3 Angelverrückte werden vom 18.05.2011 bis 27.05.2011 in Islamorada, Florida verweilen.

Who else will be there?

Petra, Robert...wie wär´s? Das Islamorada Hump soll auch ganz nett sein


----------



## Fischmäulchen (20. November 2010)

*AW: Florida 2011*

Da hast du Recht, nur Roberts Equipment ist doch in Marathon untergebracht.
Ausserdem müssen wir den Florida-Termin-2011 noch mit meiner Tochter absprechen, da ja am 11.6.11 die Hochzeit sein wird und ich nicht weis inwieweit sie da meine Unterstützung bei der Organisation benötigen.

Jetzt fliege ich ersteinmal morgen zum letzten Mal in diesem Jahr nach Florida und ich kann es selbst noch nicht richtig glauben, dass es ein angelfreier Urlaub sein soll! |kopfkrat


----------



## guifri (20. November 2010)

*AW: Florida 2011*



Fischmäulchen schrieb:


> Da hast du Recht, nur Roberts Equipment ist doch in Marathon untergebracht.
> Ausserdem müssen wir den Florida-Termin-2011 noch mit meiner Tochter absprechen, da ja am 11.6.11 die Hochzeit sein wird und ich nicht weis inwieweit sie da meine Unterstützung bei der Organisation benötigen.
> 
> Jetzt fliege ich ersteinmal morgen zum letzten Mal in diesem Jahr nach Florida und ich kann es selbst noch nicht richtig glauben, dass es ein angelfreier Urlaub sein soll! |kopfkrat




Das Equipment kann er sich ja mit Boot hochfahren lassen.
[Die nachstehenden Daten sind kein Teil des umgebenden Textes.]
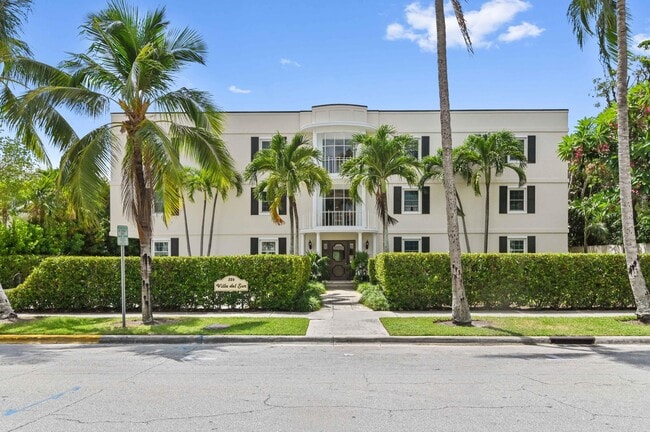 property at 226 Brazilian Ave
Mein Boot wird von Key West geliefert 

VIEL SPAß..egal ob mit oder ohne Angeln#h


----------



## Fischmäulchen (20. November 2010)

*AW: Florida 2011*

Vielen Dank!


----------



## guifri (21. November 2010)

*AW: Florida 2011*

Es wird wohl doch Long Key..also ein bisschen näher an Marathon.


----------



## guifri (25. November 2010)

*"Mein Haus, mein Boot"*

Zumindest vom 18.05. bis 27.05.2011    


Das Haus ist auch "nur" eine Wohnung...

http://www.fewo-direkt.de/ferienwohnung-ferienhaus/p266355










•	Twin 200hp HPDI YAMAHA Outboard w/ Power Trm
•	(Oil Provided by PRO GEAR at No Charge)
•	Power Trim Tabs w/ Digital Gauges
•	            Twin 8 1/2" Screens
•	RAYMARINE C-80 w/ GPS & DIGITAL SOUNDER
•	RAYMARINE C-80 w/ GPS & RADAR & WEATHER
•	600w Thru Hull Transducer
•	RAYMARINE 24" Radar w/ 48nm Range
•	SIRIUS Satelite Radio
•	SIRIUS Satelite Weather
•	FUSION Radio/Satelite & IPOD/IPHONE Dock
•	RAYMARINE VHF Radio
•	COMMAND LINK Fuel & Power Gauges
•	Fresh Water Washdown - 20 GAls
•	Raw Water Washdown
•	Manual Head (Toilet) in Console
•	Oversized BAITWELL w/ Clear Lid & Lights
•	Coolers - Rear & Back
•	6' Gaff & Pick Gaff
•	4 Rod Rocket Launcher / 6 Rod Top Holders & 12 Additional Rod Holders
•	Grapple & Standard Danville Anchor - 400' of Rope
•	Outriggers - Premium TACO GRAND SLAM      
•	Downrigger Mounts 
•	LOTS OF STORAGE, Below Floor, Leaning Post, Electronics Box, Etc.
          ADDITIONAL ITEMS  THAT COME WITH BOAT
•	Waterproof FISH/DIVE Chart
•	Line Leader Holder
•	Cast Net
•	Marker/Bouy for Marking Locations
•	Cast Net 8'
•	Dive Flag
•	Cleaning Supplies
•	COAST GUARD Approved Vests & Safety Equipment


----------



## Fischmäulchen (27. November 2010)

*AW: Florida 2011*

very nice but a little bit expensive!

haben hier wunderbares wetter in miami beach und geniessen die tage!


----------



## Norge Fan (27. November 2010)

*AW: Florida 2011*

Wünsch dir/ euch noch viel Spass.      
Wir haben für Ende März auch wieder gebucht.


----------



## Nick_A (28. November 2010)

*AW: Florida 2011*

Hi Guido, #h

feines Boot....ein leckeres Contender-Boot und erstklassig ausgerüstet !! :m

War zuerst etwas skeptisch wg. diesem Passus hier:



> • Twin 200hp HPDI YAMAHA Outboard w/ Power Trm
> • (Oil Provided by PRO GEAR at No Charge)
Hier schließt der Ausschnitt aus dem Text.